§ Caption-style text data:
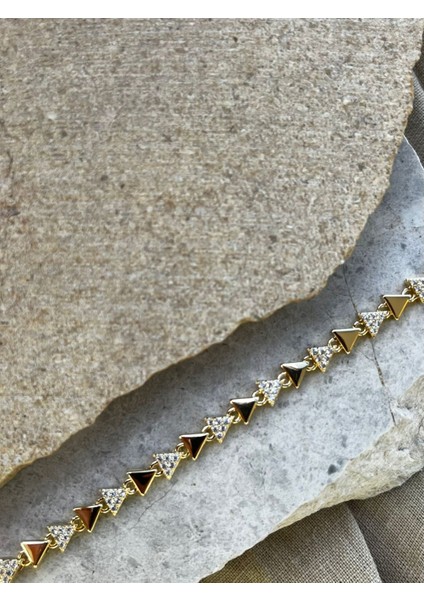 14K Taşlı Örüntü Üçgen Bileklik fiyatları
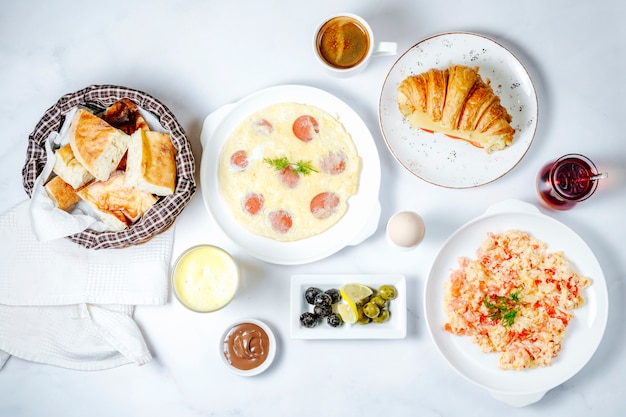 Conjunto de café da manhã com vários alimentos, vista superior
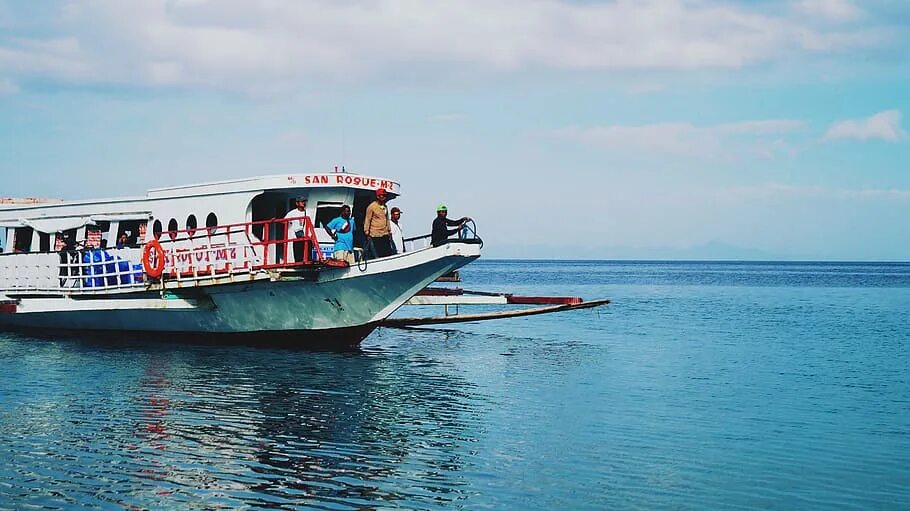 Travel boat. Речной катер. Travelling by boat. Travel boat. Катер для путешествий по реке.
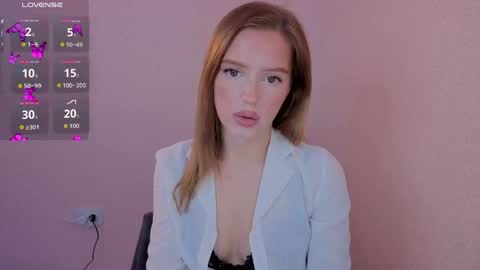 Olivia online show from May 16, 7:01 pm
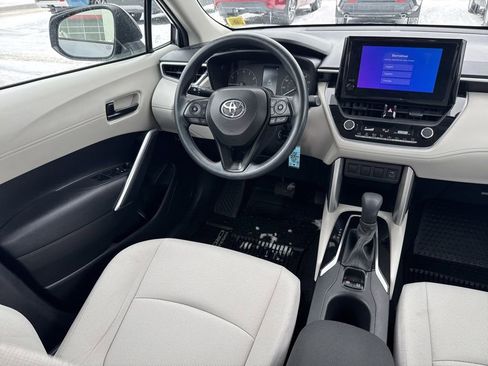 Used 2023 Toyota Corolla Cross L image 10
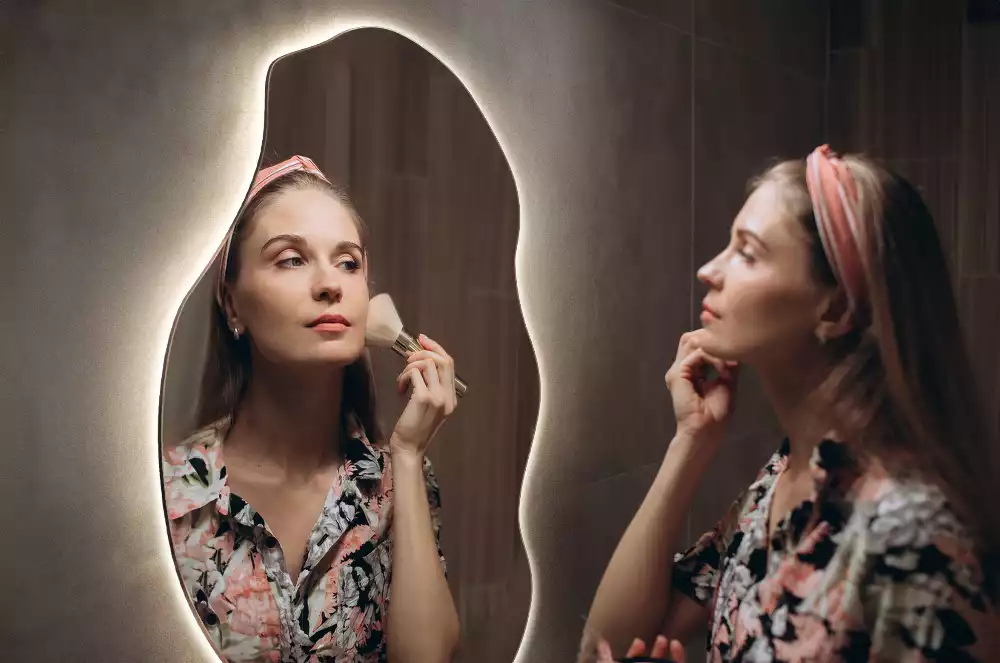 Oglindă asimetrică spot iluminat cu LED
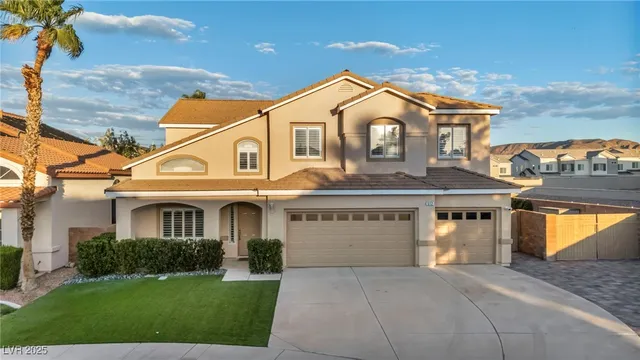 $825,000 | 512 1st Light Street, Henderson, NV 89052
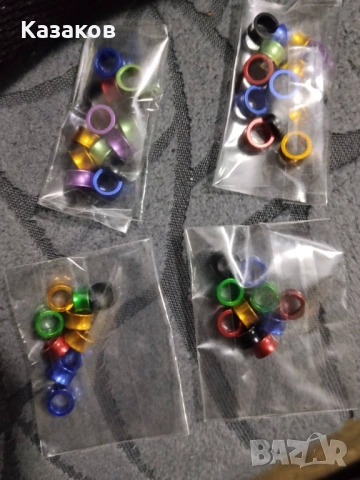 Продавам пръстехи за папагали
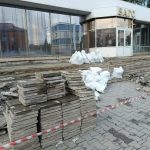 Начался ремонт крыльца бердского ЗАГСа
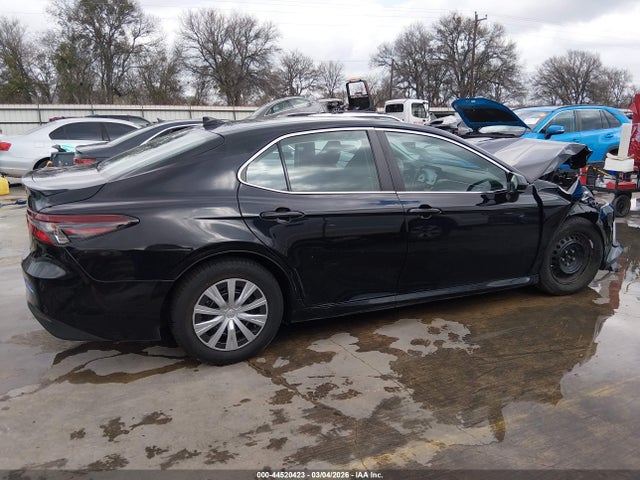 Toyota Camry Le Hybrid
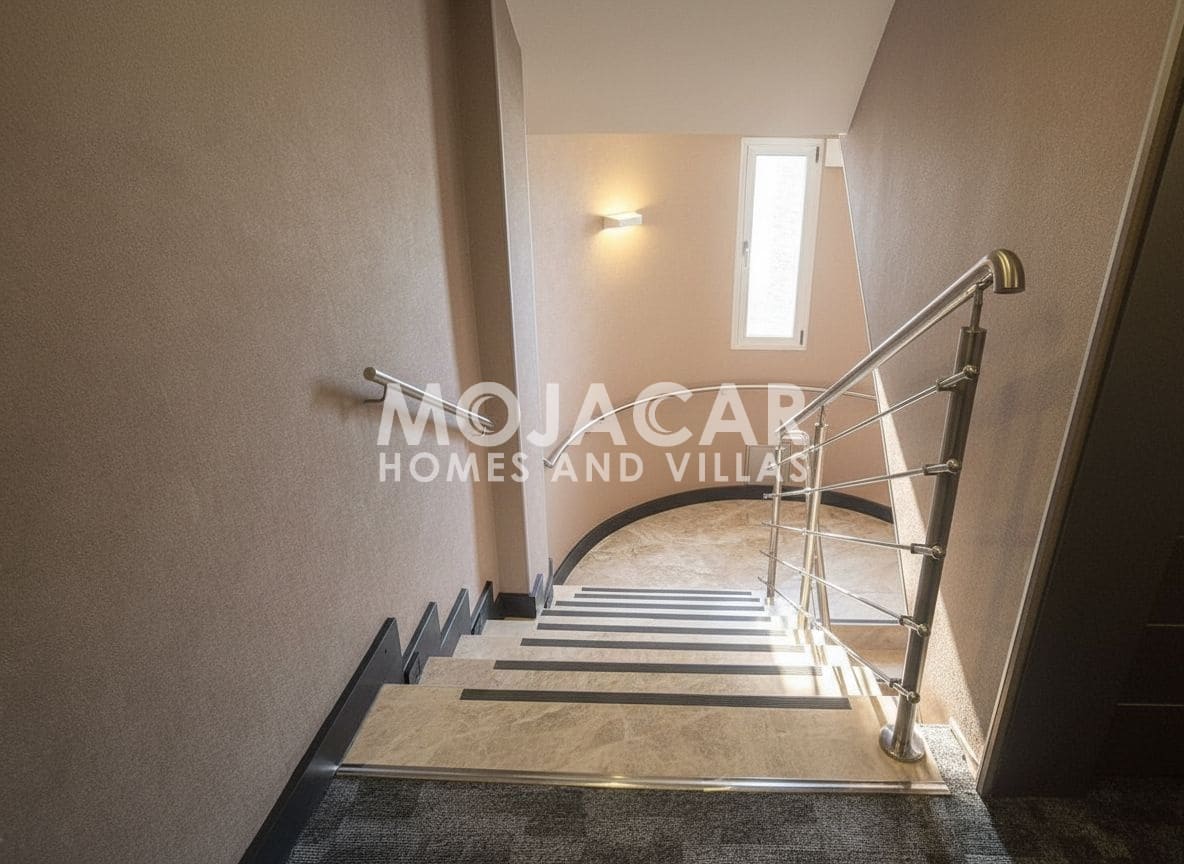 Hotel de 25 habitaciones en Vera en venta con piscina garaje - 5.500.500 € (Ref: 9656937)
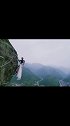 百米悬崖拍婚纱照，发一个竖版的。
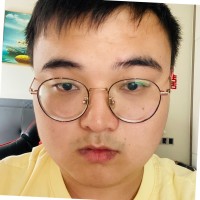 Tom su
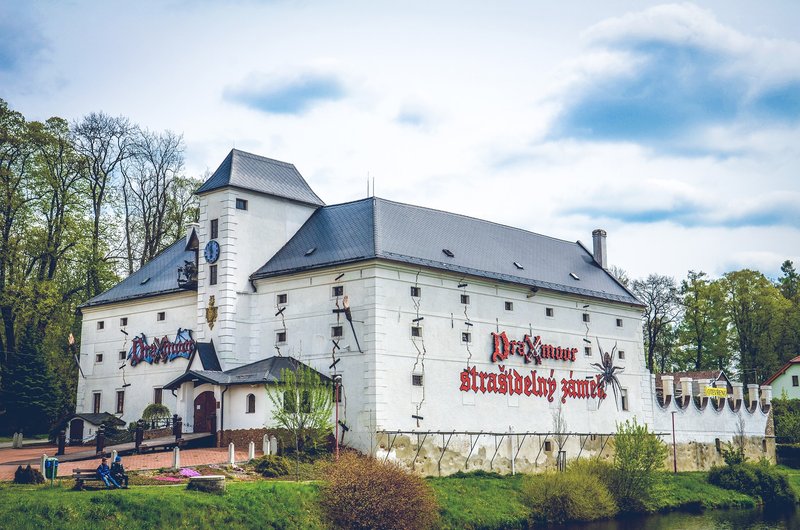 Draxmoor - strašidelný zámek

§ WORK INSTRUCTION:
Set down only the lines running from the line with "百米悬崖拍婚纱照，发一个竖版的。" to the end of the entries, inclusive; omit every picture.

§ OUTPUT FOR THIS EXERCISE:
 百米悬崖拍婚纱照，发一个竖版的。
 Tom su
 Draxmoor - strašidelný zámek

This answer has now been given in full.